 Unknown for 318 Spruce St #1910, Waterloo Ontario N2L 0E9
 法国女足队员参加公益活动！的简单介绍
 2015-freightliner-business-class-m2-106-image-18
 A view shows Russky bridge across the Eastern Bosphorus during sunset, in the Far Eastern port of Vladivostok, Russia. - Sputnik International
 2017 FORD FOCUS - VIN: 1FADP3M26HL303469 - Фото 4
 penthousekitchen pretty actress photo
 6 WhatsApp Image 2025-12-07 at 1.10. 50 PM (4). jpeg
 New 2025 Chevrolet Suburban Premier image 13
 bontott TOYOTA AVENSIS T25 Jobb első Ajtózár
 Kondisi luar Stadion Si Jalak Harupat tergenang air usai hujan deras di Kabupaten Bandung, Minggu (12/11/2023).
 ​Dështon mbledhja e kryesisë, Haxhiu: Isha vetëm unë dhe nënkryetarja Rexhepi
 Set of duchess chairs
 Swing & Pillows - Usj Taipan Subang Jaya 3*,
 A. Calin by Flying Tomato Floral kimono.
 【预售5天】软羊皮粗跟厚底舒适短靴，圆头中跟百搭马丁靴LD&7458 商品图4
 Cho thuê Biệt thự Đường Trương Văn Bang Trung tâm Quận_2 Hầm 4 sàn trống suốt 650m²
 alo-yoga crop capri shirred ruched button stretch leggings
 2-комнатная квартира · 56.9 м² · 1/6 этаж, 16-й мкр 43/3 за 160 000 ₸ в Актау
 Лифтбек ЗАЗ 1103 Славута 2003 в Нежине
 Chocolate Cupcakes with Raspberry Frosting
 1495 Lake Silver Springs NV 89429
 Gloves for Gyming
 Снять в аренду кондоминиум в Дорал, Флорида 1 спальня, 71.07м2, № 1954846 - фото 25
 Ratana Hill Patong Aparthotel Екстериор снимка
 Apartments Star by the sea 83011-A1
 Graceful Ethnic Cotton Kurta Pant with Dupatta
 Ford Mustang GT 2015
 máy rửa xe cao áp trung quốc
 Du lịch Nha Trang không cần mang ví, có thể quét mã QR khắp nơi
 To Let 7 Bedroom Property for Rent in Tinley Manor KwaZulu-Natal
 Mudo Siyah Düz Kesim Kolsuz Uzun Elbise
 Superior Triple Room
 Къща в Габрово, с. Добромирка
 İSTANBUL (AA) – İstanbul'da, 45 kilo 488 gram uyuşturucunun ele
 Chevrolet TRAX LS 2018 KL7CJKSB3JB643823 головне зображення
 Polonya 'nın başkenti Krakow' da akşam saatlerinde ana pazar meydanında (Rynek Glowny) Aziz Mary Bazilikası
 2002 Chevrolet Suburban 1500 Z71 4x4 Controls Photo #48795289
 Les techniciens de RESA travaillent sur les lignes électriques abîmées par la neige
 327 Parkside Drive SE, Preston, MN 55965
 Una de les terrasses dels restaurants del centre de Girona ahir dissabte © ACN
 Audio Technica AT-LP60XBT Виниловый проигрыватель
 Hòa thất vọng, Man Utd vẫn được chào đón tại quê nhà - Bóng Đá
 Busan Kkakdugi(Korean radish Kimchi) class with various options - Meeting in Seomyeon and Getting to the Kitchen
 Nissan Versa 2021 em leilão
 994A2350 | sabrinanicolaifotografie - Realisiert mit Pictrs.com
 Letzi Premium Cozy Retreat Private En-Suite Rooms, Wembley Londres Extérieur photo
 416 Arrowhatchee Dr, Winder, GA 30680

(Your instructions): Give back exactly the lines of the listing above that run from the line with "6 WhatsApp Image" to the line with "alo-yoga crop capri", inclusive.

(Answer space):
 6 WhatsApp Image 2025-12-07 at 1.10. 50 PM (4). jpeg
 New 2025 Chevrolet Suburban Premier image 13
 bontott TOYOTA AVENSIS T25 Jobb első Ajtózár
 Kondisi luar Stadion Si Jalak Harupat tergenang air usai hujan deras di Kabupaten Bandung, Minggu (12/11/2023).
 ​Dështon mbledhja e kryesisë, Haxhiu: Isha vetëm unë dhe nënkryetarja Rexhepi
 Set of duchess chairs
 Swing & Pillows - Usj Taipan Subang Jaya 3*,
 A. Calin by Flying Tomato Floral kimono.
 【预售5天】软羊皮粗跟厚底舒适短靴，圆头中跟百搭马丁靴LD&7458 商品图4
 Cho thuê Biệt thự Đường Trương Văn Bang Trung tâm Quận_2 Hầm 4 sàn trống suốt 650m²
 alo-yoga crop capri shirred ruched button stretch leggings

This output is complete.